Robert Balfanz is a Distinguished Professor at the Johns Hopkins University School of Education, Center for Social Organization of Schools, and Director of the Everyone Graduates Center. His work focuses on translating research findings into effective school improvement strategies and educational reforms. He conducts research and organizes improvement efforts on secondary school redesign, improving high school graduation and college readiness rates, student success systems, chronic absenteeism, and instructional improvements in high-poverty schools.
Currently, Dr. Balfanz leads the GRAD Partnership, a collaborative effort of non-profits and school districts to scale the use of high-quality student success (on-track) systems. He also works with the National Partnership for Student Success (NPSS), a public-private partnership with the U.S. Department of Education, AmeriCorps, and the Everyone Graduates Center.
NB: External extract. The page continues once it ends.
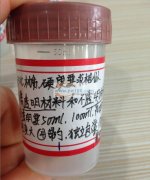 一次性医疗尿杯，大便杯，痰杯，寻找包工包料的厂家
NPSS works with over 100 non-profits and provides evidence-based student supports (mentors, tutors, success coaches, post-secondary advisors, and wraparound supports) to schools and communities most impacted by the pandemic.
PBS Frontline featured Dr. Balfanz’s work in The Education of Omarina, and he is the recipient of the Alliance for Excellent Education’s “Everyone a Graduate Award” and the Joan Lipsitz Lifetime Achievement Award from the National Forum to Accelerate Middle Grades Reform. In 2013, he was named a “Champion for Change for African American Education” by the Obama White House.
Dr. Balfanz holds a B.A. in history from Johns Hopkins University and a Ph.D. in education from the University of Chicago.
Keywords: Early-warning systems; high school dropouts; instructional interventions in high-poverty schools; secondary school reform.